STRATCOM Boss Touts Value of Bomber Task Forces: ‘Everyone Likes a Bomber in Their Region’

OMAHA, Neb.—The U.S. Air Force’s Bomber Task Forces have become an increasingly important way of reassuring allies who depend on the American nuclear umbrella, as well as a major tool for power projection, the head of America’s strategic forces said Aug. 16.

“It seems as though everyone likes to have a bomber in their region,” Air Force Gen. Anthony J. Cotton told reporters at U.S. Strategic Command’s annual deterrence symposium. “It shows our resolve in showing that extended deterrence is alive and well when it comes to the United States.”

China’s growing nuclear arsenal, North Korea’s burgeoning nuclear program, and Russia’s nuclear modernization program have worried the U.S.’s non-nuclear allies who depend on Washington for their protection. 

The U.S. has relied in part on diplomacy to try to assuage those fears. In April, for example, South Korea President Yoon Suk Yeol concluded an accord with President Joe Biden that reaffirmed that the U.S. is prepared to use nuclear weapons to defend South Korea. In return, Seoul restated its commitment not to develop its own nuclear arsenal. 

But Bomber Task Force deployments, which can last weeks or even months, use just a few aircraft to provide a tangible reminder of America’s security commitments. 

B-2s from Whiteman Air Force Base, Mo., recently embarked on their first overseas mission since a roughly six-month safety pause that ended earlier this summer, deploying to Iceland and already flying over the Arctic Ocean. Meanwhile, B-1s deployed to Europe this summer, flying from the Baltics to the Balkans and firing a JASSM long-range cruise missile on a range in the Middle East.

The B-52s, which are over 60 years old, operated out of Indonesia for the first time in June, and are currently deployed to Andersen Air Force Base, Guam.

“It shows that while we’re going to have legacy systems, the readiness of those legacy systems is alive and well,” Cotton said.

Last month, the U.S. had B-1s and B-52s in the Indo-Pacific at the same time on different Bomber Task Force missions.

“In terms of our allies and partners, let’s not forget, it’s not just about the nuclear umbrella, the extended deterrence umbrella, it’s about the conventional capability that this nation wields,” said Air Force Maj. Gen.
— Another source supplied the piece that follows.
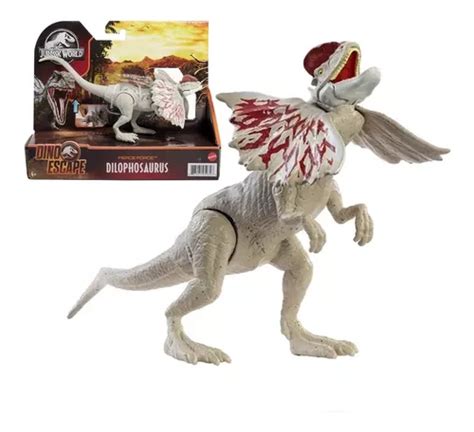 Dinosaurio Jurassic World Dilophosaurus Original Mattel Envío gratis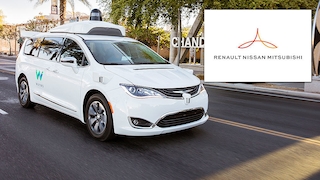 Waymo und Renault-Nissan: autonome Taxis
John Nichols, the director of operations for STRATCOM. “I define it as showing up at a time and place of our choosing, when we want to, how we want to, in good coordination with our allies, and in the geographic combatant commands to maximize the effect.”

Bomber Task Forces, which began in 2018, have replaced permanently deployed bombers overseas and have been held up by Pentagon officials as a way to operate with more flexibility while being less predictable. 

“The number of bombers that we’ve had actively out on Bomber Task Force missions across the globe is extraordinary—over a dozen at one point in time, almost every geographic combatant commander was being affected,” Nichols said.

“It shows the strategic reach that we have,” Cotton added.